Yes, you. Strikerless is always looking for new authors. If you have an idea that will challenge the readers of Strikerless, I would love to hear about it. It is not necessarily a revolutionary idea or concept. Just aim to bring readers a fresh perspective on a topic that’s keeping you up at night.

I’ll be honest, though: writing for Strikerless takes work. I’d love for your article to be at its best, and I’ll definitely push you to get there. Once accepted, you’ll get extensive feedback from me, and you’ll work closely with me on possible revisions.

It’s also rewarding. Thousands of your peers will read your work, and you’ll also learn a lot in the process—about communicating your ideas, about writing, and even about the topic you thought you already knew so well when you started.

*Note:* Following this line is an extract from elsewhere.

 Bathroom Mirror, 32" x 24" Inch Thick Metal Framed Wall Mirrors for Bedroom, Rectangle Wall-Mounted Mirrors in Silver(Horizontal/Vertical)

What Strikerless is looking for

You may submit a rough draft, a partial draft, or a short pitch (a paragraph or two summarizing your argument and why it matters to our readers) paired with an outline. The more complete your submission is, the better feedback I can give you.

Before you submit, make sure your submission:

  • Has a thesis and offers a clear argument—not just a list of tips and tricks.
  • Has a voice. Be bold, interesting, and human.
  • Is written for an audience of football manager enthusiasts with a focus on tactics or strategy.
  • Is supported with convincing arguments, not just opinions. Fact-check, and cite sources where appropriate.

What Strikerless publishes

Strikerless publishes articles of anywhere between 600–2,500 words, depending on subject complexity. 1,500 words is about average. Articles may be casual in tone and content—great for less-intensive tutorials and posts—or rigorously structured and edited. All should be well-considered explorations of current and cutting-edge topics in the web industry.

How to submit (and what happens next)

Email me your submission. I prefer submissions as Google documents so that I can easily provide feedback and guidance directly within your draft. You may also send us a plaintext file. (Please do not send a ZIP file of assets unless requested by an editor.)

Here’s what happens after you hit Send:

  • I will review your submission and determine whether it’s a potential fit. This happens once a week.
  • I will get back to you with notes. (I rarely accept an article the first time around, but I’ll tell you if I’m interested.)
  • Once you’ve addressed the comments, send your revised draft back. I will review it again and let you know if I want to accept it.
  • If I accept your article, I will work closely with you on things like organization, argumentation, and style.